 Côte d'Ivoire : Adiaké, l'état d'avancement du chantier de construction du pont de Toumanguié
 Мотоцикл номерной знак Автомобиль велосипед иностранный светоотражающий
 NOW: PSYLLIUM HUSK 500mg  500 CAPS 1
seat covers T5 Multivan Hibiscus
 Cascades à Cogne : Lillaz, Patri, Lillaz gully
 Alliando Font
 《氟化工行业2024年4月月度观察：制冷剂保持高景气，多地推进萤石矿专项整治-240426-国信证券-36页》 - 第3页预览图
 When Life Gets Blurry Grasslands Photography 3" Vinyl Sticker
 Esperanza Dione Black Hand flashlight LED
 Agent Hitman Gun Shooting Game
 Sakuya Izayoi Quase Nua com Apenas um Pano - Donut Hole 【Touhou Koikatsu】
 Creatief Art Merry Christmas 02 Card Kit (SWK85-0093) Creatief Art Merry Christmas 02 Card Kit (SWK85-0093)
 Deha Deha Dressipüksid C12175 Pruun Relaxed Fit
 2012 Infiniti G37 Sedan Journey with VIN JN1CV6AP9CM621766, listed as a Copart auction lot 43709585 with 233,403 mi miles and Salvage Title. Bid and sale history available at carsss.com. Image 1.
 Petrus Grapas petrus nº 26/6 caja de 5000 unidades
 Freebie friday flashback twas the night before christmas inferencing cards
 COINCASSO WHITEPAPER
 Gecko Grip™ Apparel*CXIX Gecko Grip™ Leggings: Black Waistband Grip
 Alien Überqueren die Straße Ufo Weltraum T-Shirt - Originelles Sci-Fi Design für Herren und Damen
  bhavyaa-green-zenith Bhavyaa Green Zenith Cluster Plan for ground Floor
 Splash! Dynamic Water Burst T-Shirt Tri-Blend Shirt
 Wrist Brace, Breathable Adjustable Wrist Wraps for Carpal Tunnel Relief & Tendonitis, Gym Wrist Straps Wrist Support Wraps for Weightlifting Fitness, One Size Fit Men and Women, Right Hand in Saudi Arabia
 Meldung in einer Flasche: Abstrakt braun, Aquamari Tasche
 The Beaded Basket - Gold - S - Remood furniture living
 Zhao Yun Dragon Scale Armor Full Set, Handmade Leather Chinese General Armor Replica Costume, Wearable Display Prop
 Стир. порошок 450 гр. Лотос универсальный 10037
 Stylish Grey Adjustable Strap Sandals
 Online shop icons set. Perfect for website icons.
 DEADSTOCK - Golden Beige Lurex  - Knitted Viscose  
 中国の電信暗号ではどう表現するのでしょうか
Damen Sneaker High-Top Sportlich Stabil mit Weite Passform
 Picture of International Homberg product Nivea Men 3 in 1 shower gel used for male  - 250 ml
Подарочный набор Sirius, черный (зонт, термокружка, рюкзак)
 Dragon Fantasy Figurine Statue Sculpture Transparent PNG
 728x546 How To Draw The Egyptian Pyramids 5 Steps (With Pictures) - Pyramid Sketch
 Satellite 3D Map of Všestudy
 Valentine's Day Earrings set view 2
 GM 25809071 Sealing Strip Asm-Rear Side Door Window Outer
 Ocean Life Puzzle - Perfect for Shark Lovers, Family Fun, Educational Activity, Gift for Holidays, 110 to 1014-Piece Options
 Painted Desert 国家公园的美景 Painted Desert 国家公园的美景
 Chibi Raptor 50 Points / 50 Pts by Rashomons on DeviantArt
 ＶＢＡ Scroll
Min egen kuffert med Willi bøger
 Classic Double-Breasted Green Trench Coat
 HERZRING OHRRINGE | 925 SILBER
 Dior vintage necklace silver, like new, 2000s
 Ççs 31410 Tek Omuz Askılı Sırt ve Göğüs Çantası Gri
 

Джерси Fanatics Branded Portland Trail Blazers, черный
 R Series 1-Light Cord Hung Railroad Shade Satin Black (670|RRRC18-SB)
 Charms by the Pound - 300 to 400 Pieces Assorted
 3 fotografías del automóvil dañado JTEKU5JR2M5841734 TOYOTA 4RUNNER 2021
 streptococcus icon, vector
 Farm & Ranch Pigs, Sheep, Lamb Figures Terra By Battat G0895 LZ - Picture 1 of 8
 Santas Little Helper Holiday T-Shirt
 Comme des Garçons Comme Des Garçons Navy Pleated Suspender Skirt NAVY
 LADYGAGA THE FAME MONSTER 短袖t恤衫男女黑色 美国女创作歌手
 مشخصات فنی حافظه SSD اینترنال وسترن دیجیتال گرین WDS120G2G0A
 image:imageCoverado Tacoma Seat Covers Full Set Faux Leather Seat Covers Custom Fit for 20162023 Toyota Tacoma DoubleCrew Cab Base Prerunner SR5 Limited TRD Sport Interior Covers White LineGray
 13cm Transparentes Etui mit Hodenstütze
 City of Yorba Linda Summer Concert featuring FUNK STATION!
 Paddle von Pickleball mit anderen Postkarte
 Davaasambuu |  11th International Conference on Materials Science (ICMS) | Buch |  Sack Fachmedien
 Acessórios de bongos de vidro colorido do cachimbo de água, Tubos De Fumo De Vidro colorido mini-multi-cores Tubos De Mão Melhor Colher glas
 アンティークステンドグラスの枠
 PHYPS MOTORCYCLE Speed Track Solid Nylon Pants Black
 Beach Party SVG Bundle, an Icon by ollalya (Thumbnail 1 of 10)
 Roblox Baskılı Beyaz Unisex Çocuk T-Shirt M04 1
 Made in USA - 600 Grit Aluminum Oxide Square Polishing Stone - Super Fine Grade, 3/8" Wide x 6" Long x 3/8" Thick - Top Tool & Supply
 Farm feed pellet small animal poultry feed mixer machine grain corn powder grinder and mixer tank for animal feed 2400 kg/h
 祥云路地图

______

_AIM OF THE EXERCISE:_ Go through the listing above and copy each line where the string "Farm" appears.

_YOUR SOLUTION:_
 Farm & Ranch Pigs, Sheep, Lamb Figures Terra By Battat G0895 LZ - Picture 1 of 8
 Farm feed pellet small animal poultry feed mixer machine grain corn powder grinder and mixer tank for animal feed 2400 kg/h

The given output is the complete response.